OfficeTime shows how sometimes, apps do it better

Aug 12, 2011
Tech

Editor’s Note: Both the free and paid ($7.99) versions of OfficeTime are now available for iPhone and iPad. It’s easy to think of apps as complements to their desktop counterparts. You use the Facebook app when it’s not convenient to be on your laptop, or the Pandora app when you want to listen to music on-the-go. But by […]

Editor’s Note: Both the free and paid ($7.99) versions of OfficeTime are now available for iPhone and iPad.

It’s easy to think of apps as complements to their desktop counterparts. You use the Facebook app when it’s not convenient to be on your laptop, or the Pandora app when you want to listen to music on-the-go.

But by now we should know that many apps can be just as essential as their desktop counterparts. Sometimes it’s easier to get the score of a game by jumping on your iPhone than to wade through your favorite sports website’s myriad of stories to get to the scores page, for instance.

OfficeTime, a time management tracking app set to be released shortly for the iPhone and iPad, could be yet another example of an app that outshines its desktop counterpart.

The desktop version, which can be found at officetime.net, offers small offices and freelance professionals the ability to more simply track how their time is being spent. Lawyers and writers can invoice easier or track where they’re spending the majority of their time better, and small teams can see how much time each team member is spending on a given project. You can also log expenses and take notes as needed.

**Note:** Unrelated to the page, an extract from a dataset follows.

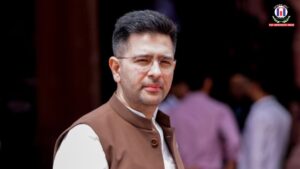 Raghav Chadha Leads AAP Rajya Sabha Split, Announces Merger with BJP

Now, OfficeTime’s desktop client has had time to built up its feature set. Released in 2004, it’s been building towards its current state for seven years, but to me at least, its feature set sounds ideal for the mobile environment. After all, if you’re tracking time, you could be out and about and need to log something quickly without the use of a computer. In this way, OfficeTime, and other organizational apps like it, fare better than their desktop counterparts out of obvious necessity – your iPhone is always with you, your computer may not be.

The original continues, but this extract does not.